A los tres minutos, Muchos hijos, un mono y un castillo amenaza con perderse en el camino hollado por los cientos de intoxicados por ese cine de no ficción cultivado en festivales del documental contemporáneo. O sea, un relámpago de advertencia sale de la pantalla para augurar una entrega de pornografía emocional enfocada en deleitarse con la agonía de padres moribundos de pasado inconfesable.

Falsa alarma. Aunque Gustavo Salmerón se pone el traje de forense diseccionador de las entrañas familiares, la madre, grande pero no la única protagonista, deja claro que el hijo propone pero ella dispone. Y ese disponer, lleno de revelaciones incómodas, de sombras sin desvelar, de relatos a los que le han cercenado algunos detalles, probablemente inoportunos, nos regala un filme extraordinario.

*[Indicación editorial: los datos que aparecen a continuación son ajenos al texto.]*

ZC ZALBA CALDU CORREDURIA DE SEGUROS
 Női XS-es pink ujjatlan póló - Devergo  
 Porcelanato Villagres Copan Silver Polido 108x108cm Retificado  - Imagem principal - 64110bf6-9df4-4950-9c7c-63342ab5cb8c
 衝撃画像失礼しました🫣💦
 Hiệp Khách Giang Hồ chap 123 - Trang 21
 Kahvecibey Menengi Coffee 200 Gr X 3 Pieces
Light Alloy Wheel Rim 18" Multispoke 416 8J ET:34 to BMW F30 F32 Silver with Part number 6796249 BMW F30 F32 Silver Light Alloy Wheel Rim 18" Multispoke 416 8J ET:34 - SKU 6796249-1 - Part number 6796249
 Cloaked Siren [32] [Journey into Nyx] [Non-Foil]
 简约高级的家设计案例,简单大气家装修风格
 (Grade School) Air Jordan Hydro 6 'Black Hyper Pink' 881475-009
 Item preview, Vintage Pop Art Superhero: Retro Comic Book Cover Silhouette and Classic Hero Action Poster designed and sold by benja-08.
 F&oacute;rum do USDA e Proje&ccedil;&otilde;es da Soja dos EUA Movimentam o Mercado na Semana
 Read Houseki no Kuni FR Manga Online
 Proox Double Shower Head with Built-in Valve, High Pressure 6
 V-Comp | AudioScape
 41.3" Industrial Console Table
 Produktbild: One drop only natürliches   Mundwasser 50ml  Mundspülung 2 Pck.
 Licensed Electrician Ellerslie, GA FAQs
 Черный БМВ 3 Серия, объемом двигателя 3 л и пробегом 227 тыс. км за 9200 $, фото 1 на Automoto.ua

Su extraño título arranca, lo dice la madre de Gustavo Salmerón, de tres deseos cumplidos perfectamente aunque como enseña la maldición gitana, satisfacer los deseos garantiza la infelicidad. Como en los viejos relatos orientales de Sherezade, la protagonista de este cuento de Salmerón, pidió tres deseos al duende de la vida y la vida que Salmerón (de)muestra se levanta sobre el final de esos sueños.

El castillo les ha llevado a la ruina, el mono era un macaco desagradecido y los hijos se reparten la hacienda, lo que queda. En medio de ese naufragio, la madre teatraliza su sepelio entre recuerdos, evocaciones y extravagancias. Es esto último, ese andar errante más allá de los límites convencionales, lo que metro a metro, plano a plano, palabra a palabra descubre lo mucho de notable que almacena esta obra de vocación estrafalaria.

El actor y ahora director, Gustavo Salmerón, no teme mostrar en público las miserias y grandezas familiares donde una madre locuaz y un padre transparente lo dominan todo. ese todo sublima el material de partida y el proceso que utiliza. De ese modo propicia una metamorfosis gozosa. Con ella, la historia de esa mujer que tuvo muchos hijos, que acumula(ba) objetos de todo tipo y que amó con intensidad, deviene en feroz ejercicio sobre la insoportable falta de misericordia del reloj. Ese que deja atrás lo que fuimos, que consume todo y que todo lo reduce a la espera de muerte incluso para quien ha alcanzado lo que deseaba.